This case study presents a 50-year-old woman who developed sustained grade 4 thrombocytopenia after adjuvant ado-trastuzumab emtansine (T-DM1) therapy. The thrombocytopenia was refractory to standard treatments but stabilized with romiplostim, highlighting the need for individualized management in such cases.

Background

Ado-trastuzumab emtansine (T-DM1) is a key treatment for HER2-positive early breast cancer, particularly after neoadjuvant therapy. Thrombocytopenia is a known side effect of T-DM1, with severe cases being uncommon and challenging to manage.
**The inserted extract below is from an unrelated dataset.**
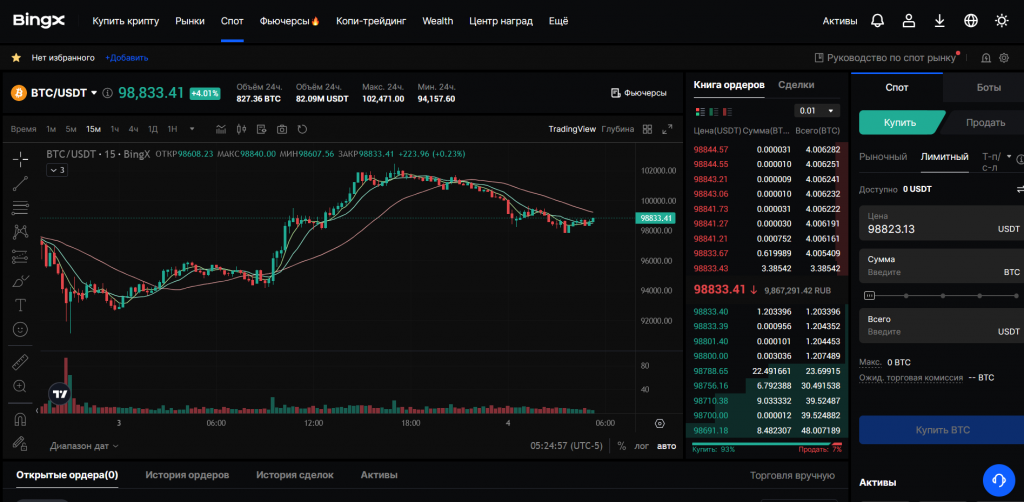 Веб-терминал спотового рынка биржи BingX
Understanding the mechanisms and management strategies for this adverse effect is crucial for optimizing patient care.

Data Highlights

No numerical data or trial data was provided in the source material.

Key Findings

  • A 50-year-old woman developed sustained grade 4 thrombocytopenia after three cycles of adjuvant T-DM1.
  • Thrombocytopenia was refractory to recombinant human thrombopoietin and hetrombopag treatments.
  • Sequential bone marrow evaluations indicated megakaryocytic maturation impairment.
  • Romiplostim allowed for long-term stabilization of platelet counts.
  • Further anti-HER2 therapy was withheld due to severely compromised thrombopoietic reserve.

Clinical Implications

This case emphasizes the importance of monitoring platelet counts in patients receiving T-DM1 and the potential role of romiplostim in managing severe thrombocytopenia. Clinicians should consider individualized treatment approaches for patients with refractory thrombocytopenia.

Conclusion

The occurrence of severe non-cyclic thrombocytopenia during HER2-directed ADC therapy necessitates careful evaluation and management. This case contributes to the understanding of thrombocytopenia in the context of T-DM1 treatment.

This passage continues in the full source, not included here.